Throughout this process, universally shared and consistently reinforced values – both critical in getting disparate actors to work together to resolve problems and challenges – must provide a moral compass and common ground for action. The key is to ensure that values do not become weapons, deployed by one actor against another in a way that exacerbates tensions and undermines solutions.
Consider the 1990s Bosnian War – the result of unfinished business from the breakup of the Austrian and Ottoman empires and the creation of nation-states earlier in the twentieth century. The conflict erupted in the immediate aftermath of the Cold War, at a moment when one set of international organizing principles had collapsed and a new set had not yet been created. Partly as a result of this, the conflict was characterized by large-scale civilian carnage and human-rights violations.

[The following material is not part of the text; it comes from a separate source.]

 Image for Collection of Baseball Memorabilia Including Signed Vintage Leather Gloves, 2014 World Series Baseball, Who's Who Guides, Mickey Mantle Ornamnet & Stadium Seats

But, as a test for the new world order, the Bosnian War ended up catalyzing change in the international community’s institutional structure (including the establishment of war crimes tribunals). Could the nascent post-Cold War system handle the inchoate problems of the former Soviet Union? Could NATO take on new roles and missions? Could the West work with the new Russian Federation? Could the transatlantic relationship weather the storm?

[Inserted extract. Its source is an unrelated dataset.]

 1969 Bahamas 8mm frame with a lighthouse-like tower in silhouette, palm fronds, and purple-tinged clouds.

The answer to all of these questions turned out to be yes. As a result, though the region continues to be beset by serious problems, the gates of hell have remained closed – as they have in Rwanda. And yet, just 20 years later, it seems that the world’s collective memory of how to cooperate has failed.
To be sure, there was never a clear path to peace in Syria. President Bashar al-Assad, whose forces now control all of Aleppo for the first time since 2012, is a brutal dictator who has waged war on his own people, including civilians, and has even used chemical weapons. The temptation to seek regime change – a goal embraced by the United States and some European countries – was understandable.
Yet, in a display of spectacularly incompetent diplomacy, the US set about pursuing that goal without any serious effort to marshal international support, or even to take stock of other opinions or interests. And make no mistake: there are a lot of (often conflicting) opinions and interests. After all, Syria is strategically perched on the Mediterranean; shares borders with Israel, Jordan, Turkey, and Iraq; and, like Iraq, has its own restive Kurdish minority. It is not the kind of country to which international and regional powers would be indifferent.
In fact, when Western powers called for regime change, other actors – including Iran, Russia, and Shia interests in neighboring Lebanon – objected. Nonetheless, the US soldiered on with its own poorly formulated agenda, supplying weapons to virtually unknown combatants on the ground before properly vetting them. That gave the Assad regime’s allies all the justification they needed to supply weapons of their own.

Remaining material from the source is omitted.